Organizational Pattern: Producers In The Middle
February 26th, 2010
(From Organizational Patterns of Agile Software Development )
In a project, not all roles hear everything. But much of the information communicated has important implications for the product.
Within any software project, there are many activities, roles, and individuals competing for attention. Of course, there are the developers. But project managers have a need to be at the center of everything. They need to have their finger on the pulse of the project; to know everything that is going on. That’s their job. In a similar manner, perhaps to a lesser degree, other roles also need to be involved in the project.
But all roles are not equal. Certain roles (developer and a few others) contribute directly to the product; they create it. Most other roles contribute indirectly to the product; they (should) exist only to help the producers do their job. The producer roles need information in order to do their job.
Therefore,
The producer role(s) must be at the center or very near the center of the hive of communication. Make sure the producers are party to all, or nearly all communication about the project.
Organizational Pattern: Don't Interrupt An Interrupt
February 25th, 2010
(From Organizational Patterns of Agile Software Development )
It’s important to balance a desire that SOMEONE ALWAYS MAKES PROGRESS (4.1.20) with the thrashing that can accompany short-term priority calls. One worker will inevitably be blocked on you—you can’t do both things at once. Complete, omniscient foresight and scheduling are unreasonable to expect.
Therefore:
If a developer is already working in “interrupt mode” on a critical issue, don’t put that work aside until it is complete or until that issue itself becomes hopelessly tangled.
Organizational Pattern: Day Care
February 25th, 2010
(From Organizational Patterns of Agile Software Development )
Your experts are spending all their time mentoring novices.
You begin to hear things like “We are wasting our experts,” or “A few experts could do the whole project faster.” Indeed, the experts are not proceeding at the rate you or they would expect, because training the new people is draining their energy, time and concentration. But the new people must be trained, by experts, of course.
At the same time, you must make progress on the project itself.
Therefore:
Put one expert in charge of all the novices, let the others develop the system.
Separate an experts-only “progress” team from a training team under the tutelage of one or more mentors.
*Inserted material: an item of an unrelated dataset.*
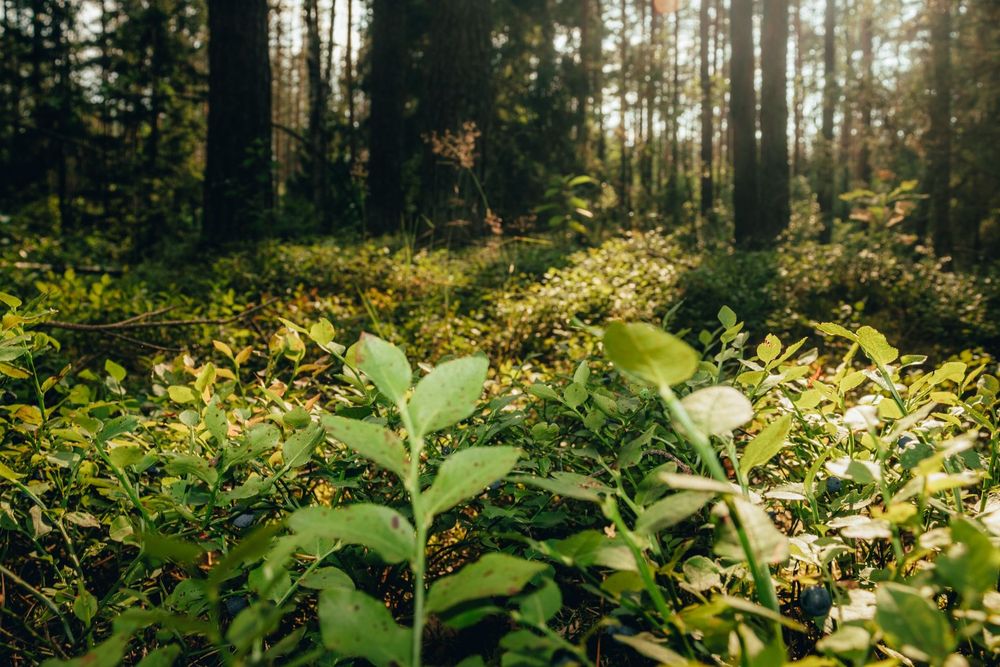 Die gesündesten Pflanzen des Kontinents- Europa: Avena Sativa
Select the mentors for their ability to teach design and programming (object-oriented design and programming, for example) to novices. Let the progress team design 85-95% of the system, let the training team focus on quality training, delivering only 5-15% part of the system. Transfer people to the progress team as they become able to contribute meaningfully.
Make sure that the training team does not simply do training exercises, but actually contributes to the final system in an ever-increasing way.
If you have many people to train (more than, say, six), you will have to design a series of tasks for them to attempt. Otherwise you may give them a small, real part of the main system to design.
If the people in the training team are the ones who know the domain, you will have to make some further adjustment, or else the division may cause conflict.